2016 Iran Military Power Report sent to Capitol Hill

By Jason Sherman / October 31, 2017 at 12:14 PM

The Defense Department last week transmitted the annual report on the Military Power of Iran in 2016 to lawmakers. The unclassified executive summary -- a scant single page -- of the statutorily required report largely restates points the director of national intelligence outlined in May 11, 2017 testimony on worldwide threats before the Senate Select Committee on Intelligence.

Key points, according to the report drafted by the Defense Intelligence Agency and forwarded by the Pentagon’s policy shop to Congress, are that during 2016 Iran took steps “to improve its military capabilities to secure itself from both internal and external threats, and emerge as a regional dominant power.”

The report notes significant leadership changes Supreme Leader Ali Khamenei directed in June 2016, including appointing “new leaders to highest positions of the armed forces for the first time since 1989.” Those changes included replacing Iran's long-serving top officer Maj. Gen. Hasan Firuzabadi with Maj. Gen.
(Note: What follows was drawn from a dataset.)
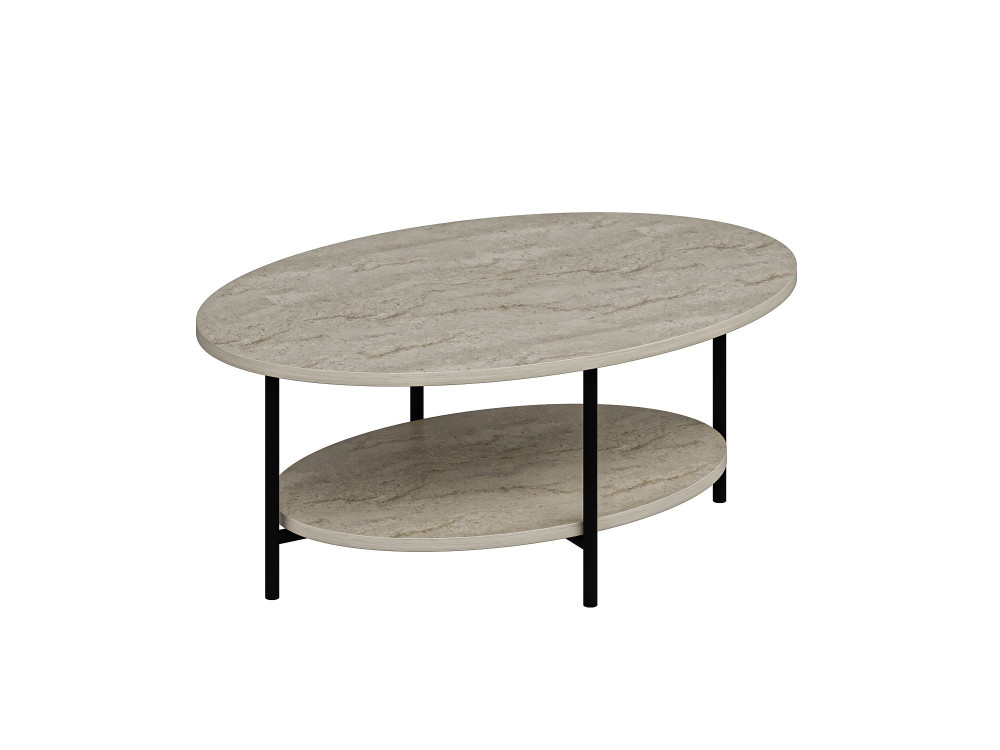 Houten salontafel „Elis“ – 90 x 60 x 36 cm – Travertijn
Mohammad Bagheri, a “younger, more operationally experienced and strategically minded officer,” according to the executive summary.

Iran, according to the summary, also took ownership in 2016 of Russian-made SA-20c surface-to-air missile systems, giving Tehran its “most advanced, long-range air defense asset.”

The summary document does not make explicit reference to Iran's goal of developing an intercontinental ballistic missile, as it has in prior reports, but notes Iran “maintains a substantial inventory of missiles” capable of reaching targets in the region -- including U.S. military posts and Israel -- “and the regime continues to develop more sophisticated missiles.”